The past two weeks have taught me how important it is to have one-on-one conversations. During Iowa Jr. High camp, I had a cabin of fourteen pre-teen girls. They were a lot of fun, loved to stay up late, and some of them had the tendency to attract drama. It was hard to get to know all of the girls. I had a co-counselor, Ali, who was amazing. But even with her, I struggled to find opportunities to talk to the girls.
The way that I finally started to get to know them was not through cabin times, but through the one on one conversations. A couple times I made a date with the girls during free time. One of these dates really led to some intense conversation. At first, this girl just seemed to be a little bit different and really shy. But as I spent time with her, talking about anything and everything, but mostly Anime. This led to conversations about her friends, her home life, and her more of what she likes to do. From there, I really learned what she was struggling with and what kind of help she needed.

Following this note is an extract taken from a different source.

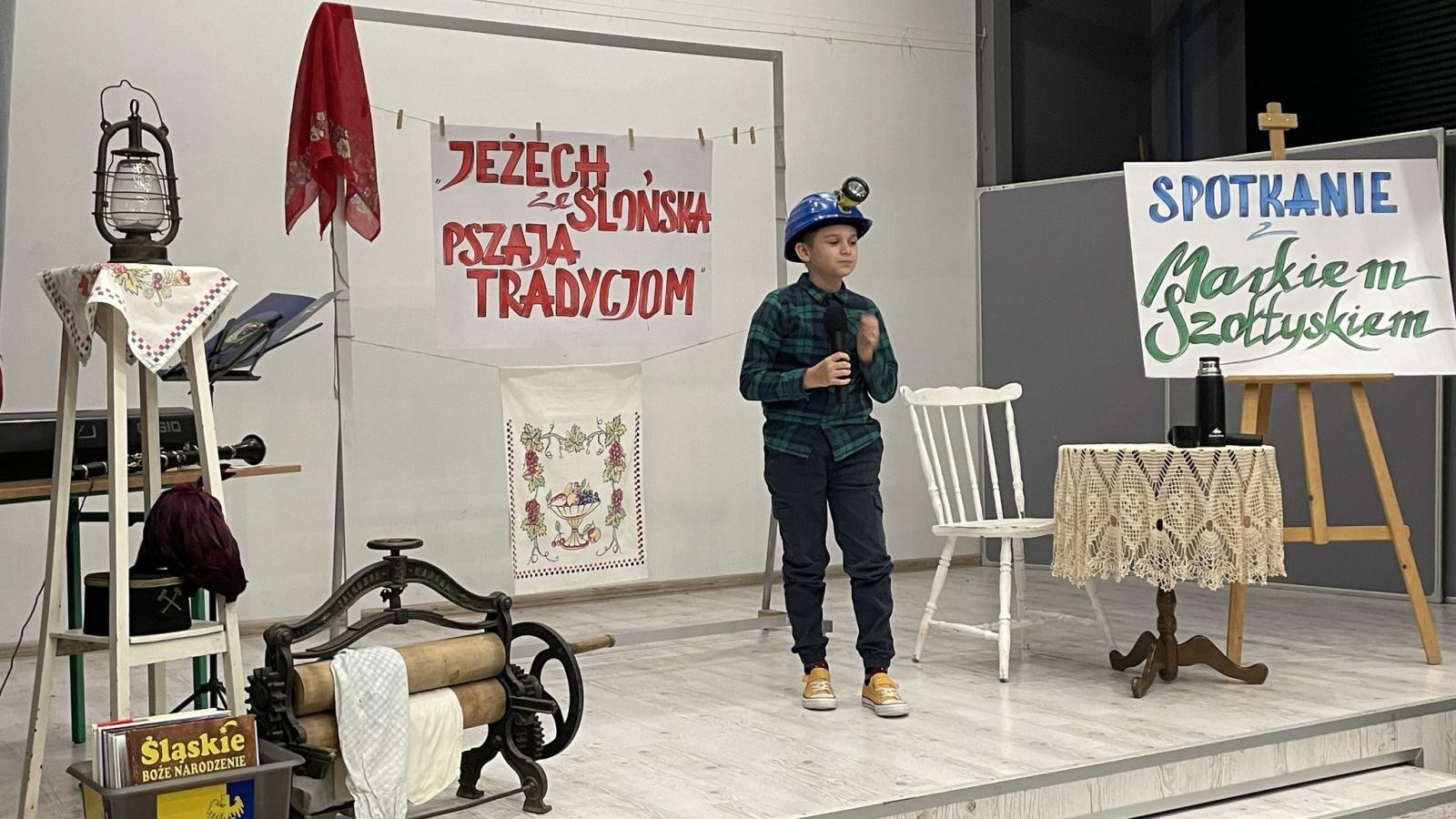 Zdjęcie w galerii na portalu naszwodzislaw.com: Jeżech ze Ślonska, przaja tradycjom. Projekt w ZSP1 wiadomości z regionu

Another time, I was laying down to take down to take a nap along with a few of my girls. One of them wanted to go up to the snack shack, but wanted someone to go with her. None of the other girls who were taking a nap would go. While I really wanted to just fall asleep, I knew that the Spirit wanted me to go with her, and that whatever happened would be awesome. So I went. We got up to the snack shack, and while we were in a room full of people, we had an awesome private conversation. I got to hear her story and what she struggles with, along with share some of my own story and what I struggle with as well. That moment set the tone for the rest of the week, and she was much more transparent with the group and with me individually.
During kids camp it was harder to find time to talk with the campers, especially since we were not counselors. But one day at lunch, I was sitting with a group of the girls on my team, and they started asking me some really tough questions. Why did God create the Tree of the Knowledge of Good and Evil if He knew that it would bring sin into the world? Was Hitler a Christian? What's the difference between Christians and Jews? It was amazing to talk with these girls and share what I know, and sometimes say, "I don't know." This little conversation showed me how much God can do even if I'm not a counselor.
A few prayer requests:
The next two weeks we are not counselors. Pray that God would give us servants' hearts to go out of our way to do whatever needs to be done.
Some of the campers that we have already been with are keeping in contact with us. Pray that these relationships continue to develop and that God works in powerful ways even though camp is over.
Pray that we would continue to be united as a team, that God would draw us closer together and use us to sharpen and encourage one another.
Rachel woke up Sunday morning feeling sick. Today (Monday) she feels even worse. Pray that God would provide time to rest so she can get over the sickness.